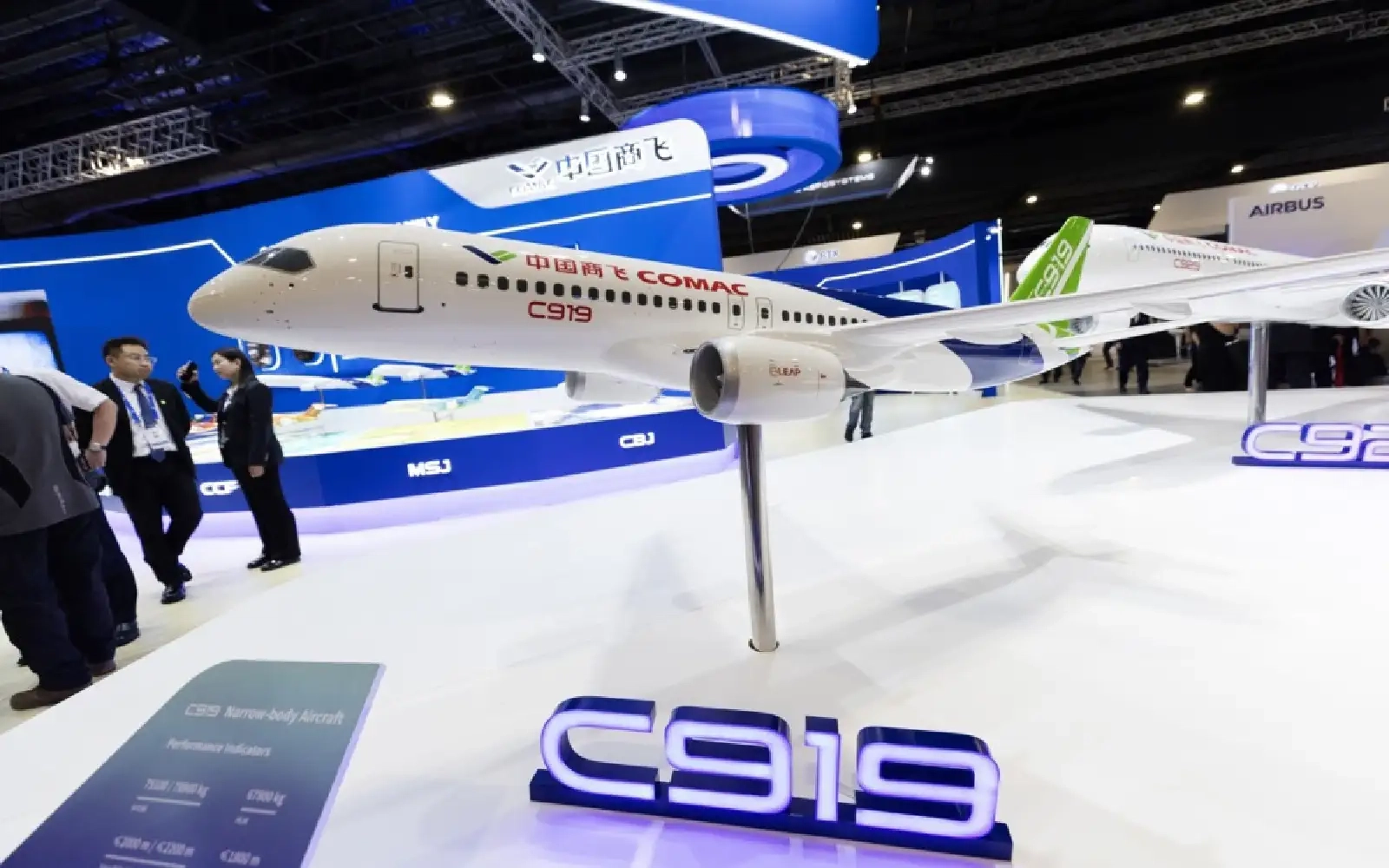 US suspends engine sales to Chinese planemaker Comac
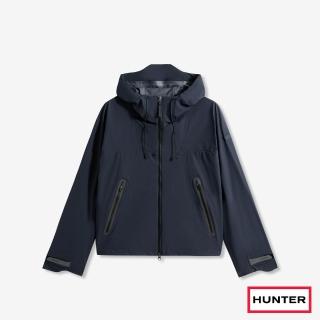 【HUNTER】官方旗艦館 Play輕量防水連短版外套(石墨藍)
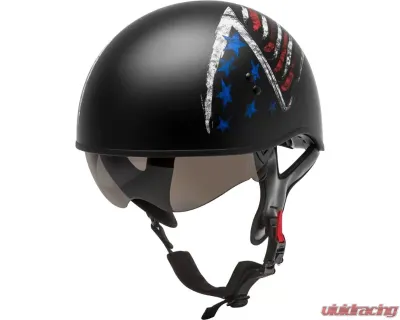 GMAX HH-65 Half Helmet Braver - H1656844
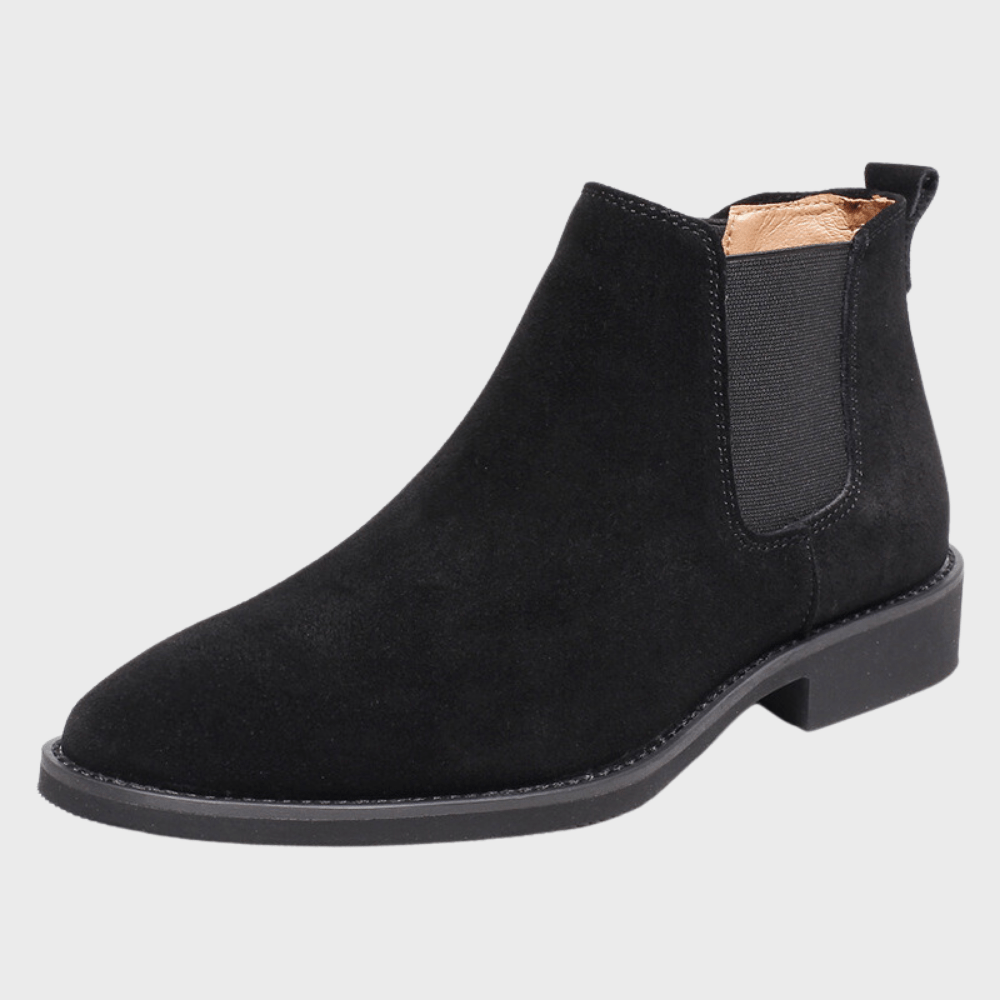 Men’s Chelsea Boots With Elastic Sides | Classic - Mason Luxor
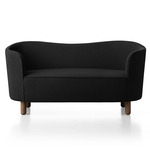 Mingle Sofa - Dark Stained Oak / Vidar 182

******************************

Work instructions: Word for word, give the entries above again, with no images included.

Worked solution:
 US suspends engine sales to Chinese planemaker Comac
 【HUNTER】官方旗艦館 Play輕量防水連短版外套(石墨藍)
 GMAX HH-65 Half Helmet Braver - H1656844
 Men’s Chelsea Boots With Elastic Sides | Classic - Mason Luxor
 Mingle Sofa - Dark Stained Oak / Vidar 182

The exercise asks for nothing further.